Friday, September 5, 2014

What is literally meant by "the clove of seasons" in the first paragraph of "The Scarlet Ibis"?

The full sentence in which we find this phrase is the very first of the story:  “It was in the clove of seasons, summer was dead but autumn had not yet been born, that the ibis lit in the bleeding tree.”  I think here that the word “clove” is an improper backformation from the adjective “cloven,” and is therefore referring to the indentation between two halves of a thing, the sort of nothing-space that yet links these two parts.  It is perhaps easier to envision in the term “cloven hoof” – a hoof like that of a deer, with two separated protrusions connected to the body of the hoof.  A cleft in a stone would be another good visual representation.  So in this description, we are in the “cleft” of the seasons, that transitional period between summer and fall when the former is over and the latter has not yet got a good grip.  This interpretation is substantiated in the descriptions we find later in the first paragraph:  summer flowers shedding their leaves, leaving swaths of brown amid the late-blooming plants; an empty oriole nest marking its abandoned summer home.  “The last graveyard flowers were blooming,” the narrator notes, soon to wither themselves and leave only the deadness of the land in their place.

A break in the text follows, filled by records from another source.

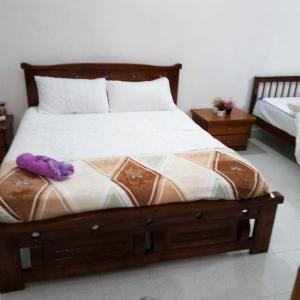 una cama con un animal de peluche púrpura sentado en ella en Rumah Tamu FieSari Jeli M U S L I M en Jeli
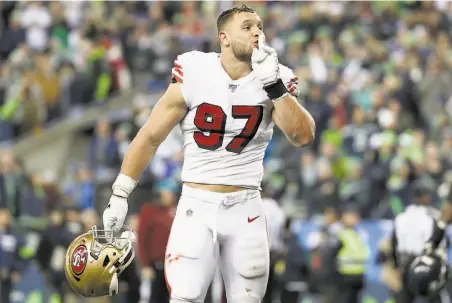  ?? Abbie Parr / Getty Images ?? Defensive end Nick Bosa quiets the crowd after the 49ers stopped the Seahawks on a goalline stand late in the fourth quarter.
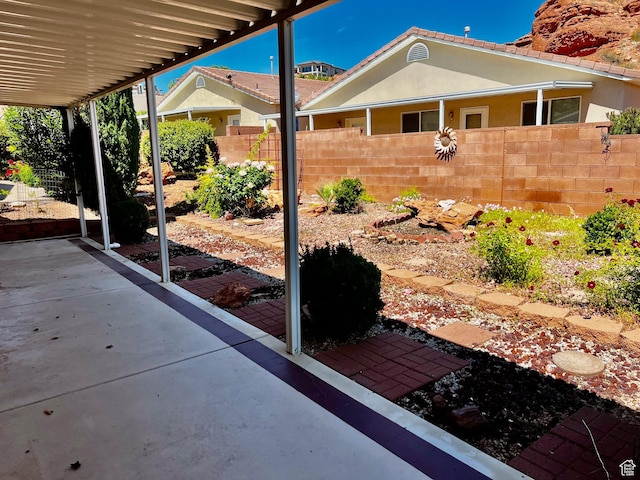 1050 W Red Hills Pkwy Unit 64, Washington, UT 84780 - view of patio with fence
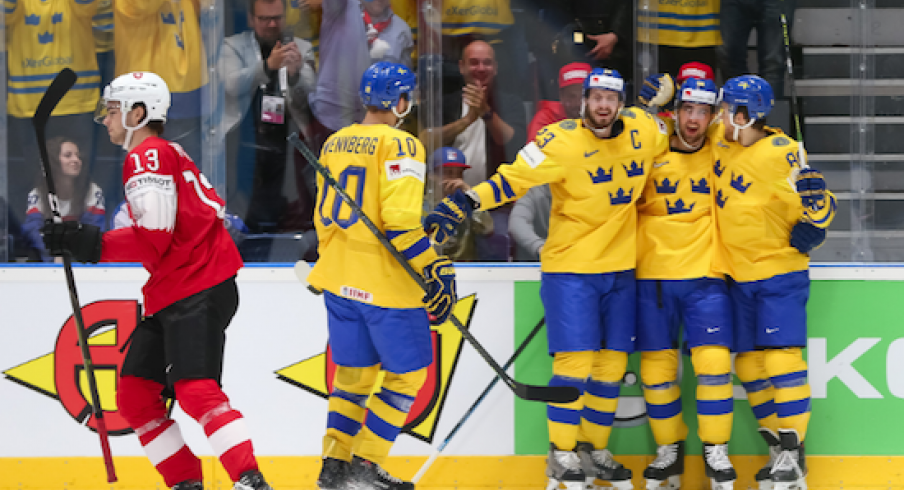 Alexander Wennberg celebrates with the rest of his Sweden teammates as they score a goal against Switzerland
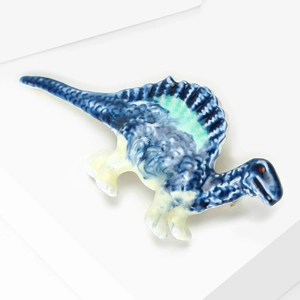 Detailed view of the blue Spinosaurus brooch featuring textured enamel and green accents
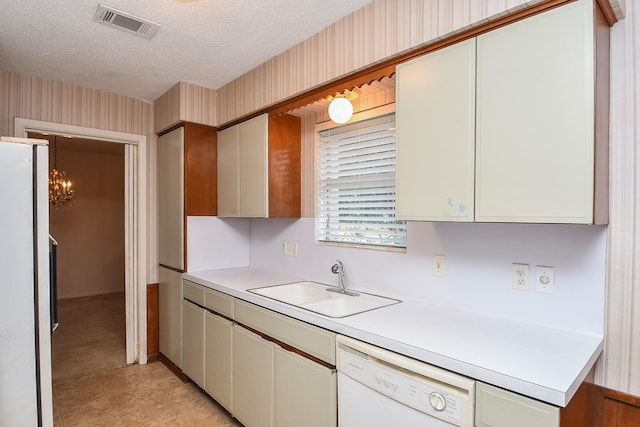 8218 Hazen St, Houston, TX 77036 - kitchen with white appliances, a sink, light countertops, a textured ceiling, and wallpapered walls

Given, of course, that this use of the world “clove” is unconventional and in fact…well…wrong, from a grammatical standpoint, we could also interpret the word clove as in a “clove of garlic,” one section that makes up the entirety of a bulb.  In this case, we could say that we are in a section of the seasons set off from the rest, a pocket containing the waning of summer and waxing of autumn, without the fullness of either.  This is a assuming a less poetic, more conventional use of the word, and provides a more grammatically appropriate explanation, though with less obvious descriptive evidence.